Louis calls the litigation "doomed" and likens Atlantic Yards to other projects with public benefits such as Lincoln Center in Manhattan and Melrose Commons in the Bronx, neither of which have, as the Atlantic Yards plan would have, nearly 2000 luxury condos, 2250 market-rate rentals, and 900 (of 2250 "affordable" rentals) at or over market rate.

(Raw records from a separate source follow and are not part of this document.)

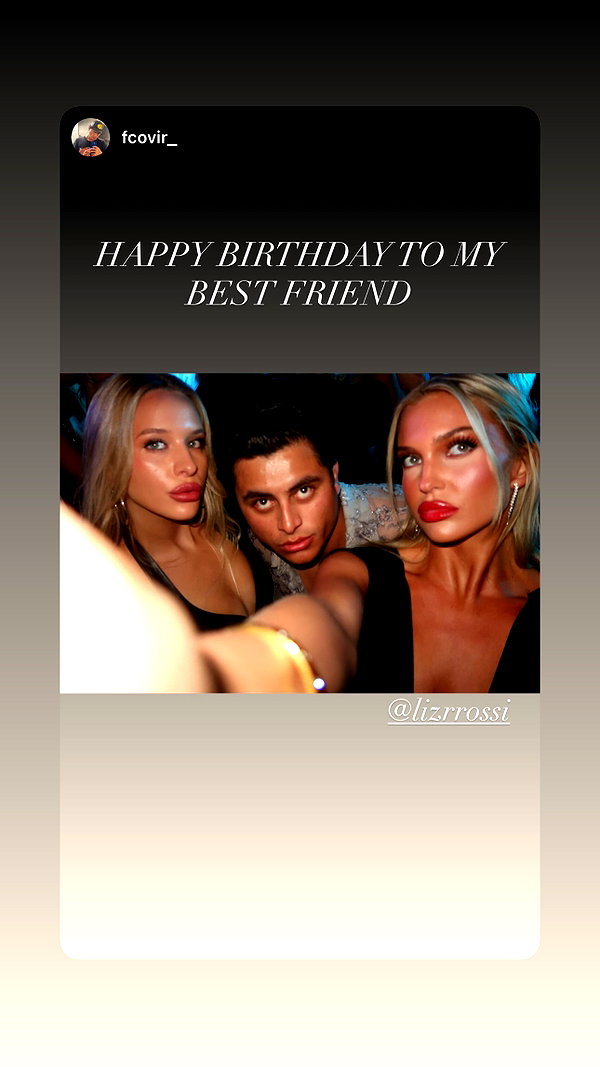 lizrrossi instagram image archive image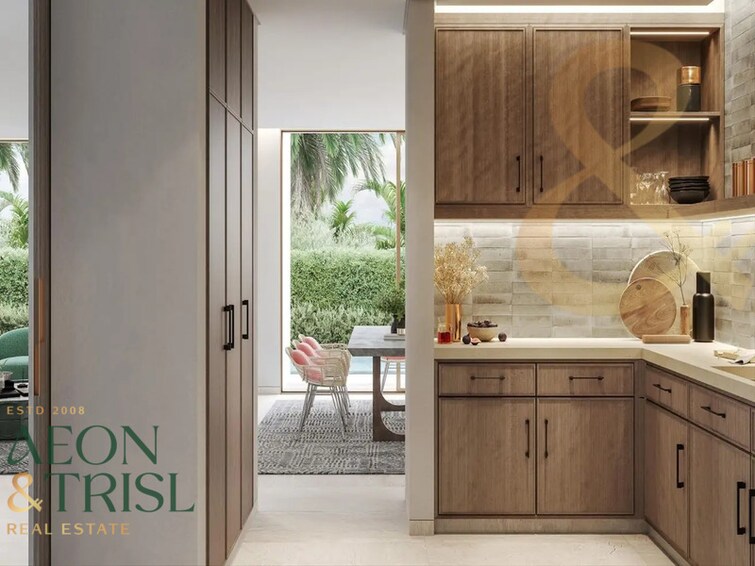  Villa for Sale, Deira, Dubai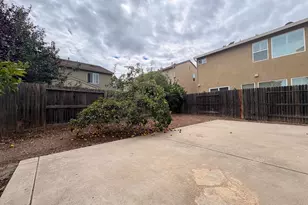 7443 Tisdale Way, Sacramento, CA 95822 - Photo 24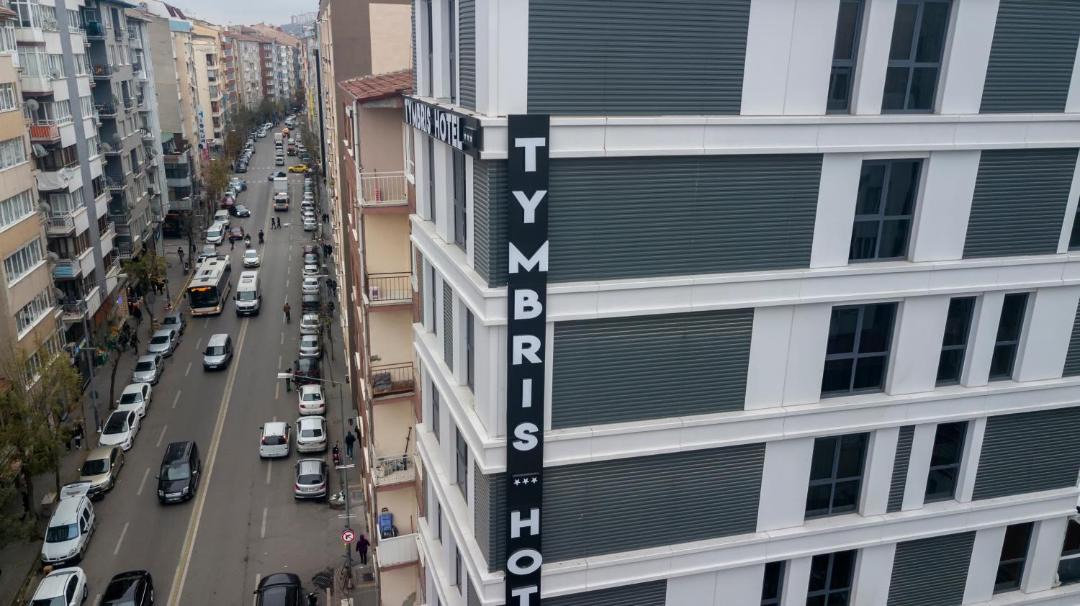 Photo of Others in Tepebası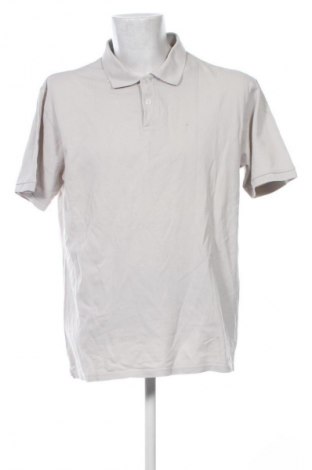 Pánske tričko  Angelo Litrico, Veľkosť XXL, Farba Sivá, Cena  11,95 €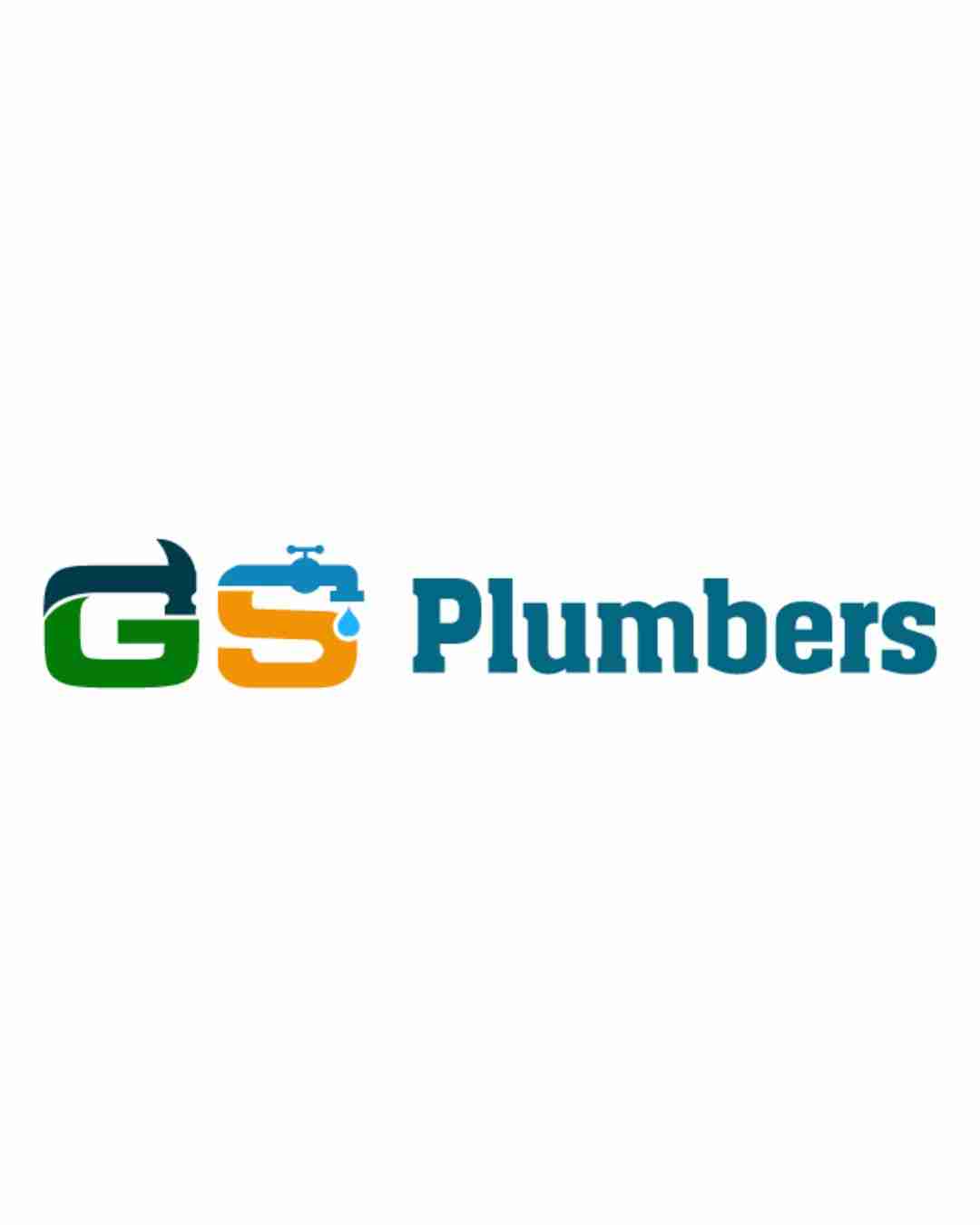 gsplumbers Profile Picture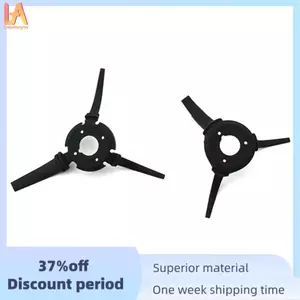 Dành cho máy ảnh Gimbal Mini 3 Pro để tăng cường độ ổn định và phụ kiện đệm PTZ trong suốt hình ảnh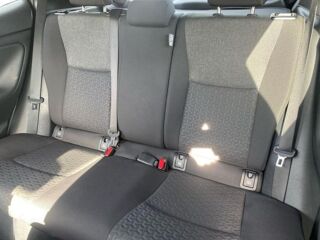 Yaris Cross 116h Design MY22 2023 occasion 13012 Marseille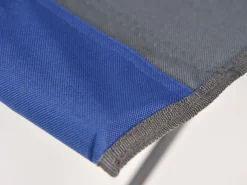 Obelink Campbed veldbed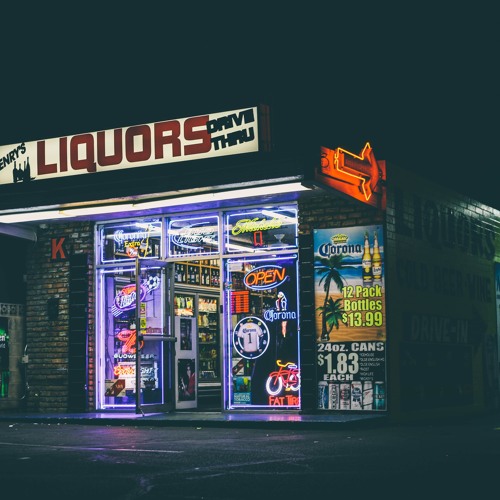 Express(Prod. by Gum$)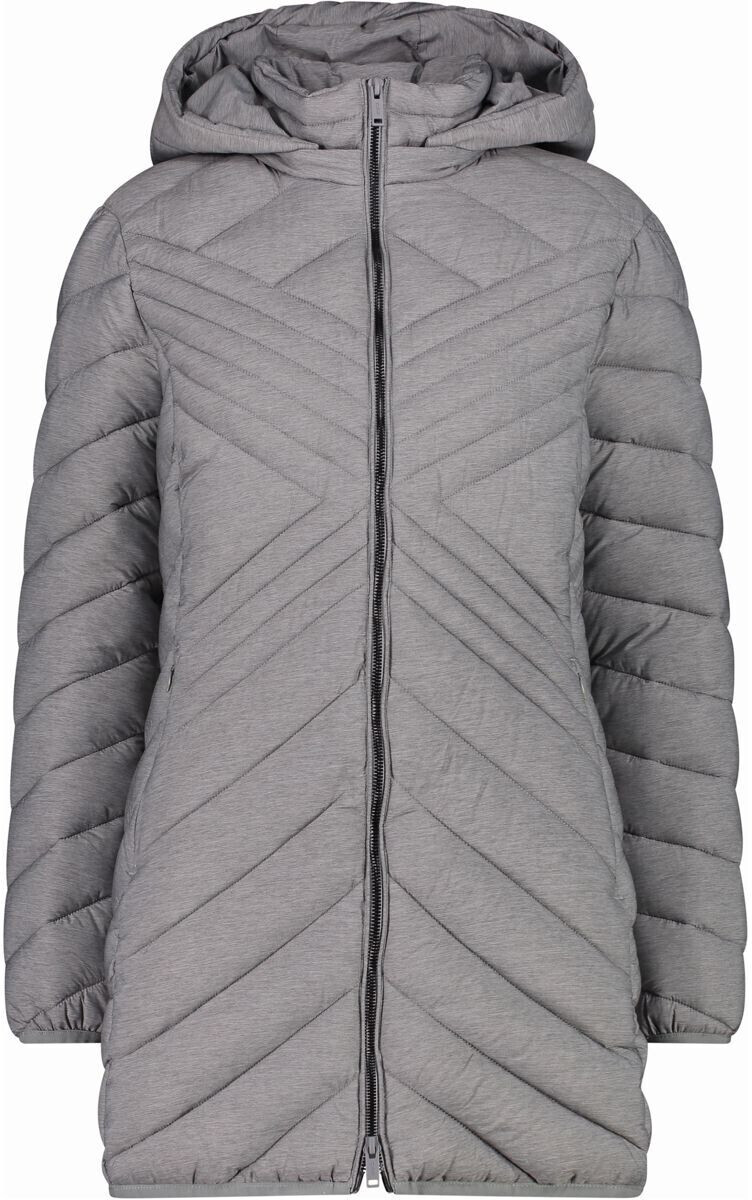 CMP Women Parka (32K3066M)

(In the print edition, there's a big picture of a smiling, benevolent Bruce Ratner.)
Case closed?
Louis calls it a "fool's errand" to go to federal court to impinge on state and local exercise of eminent domain. He notes Levy's citation that federal courts generally stay out of these cases. True, but the question here is whether the Atlantic Yards litigation, based on legal theories developed after the Supreme Court's 2005 Kelo vs. New London decision, will break new legal ground.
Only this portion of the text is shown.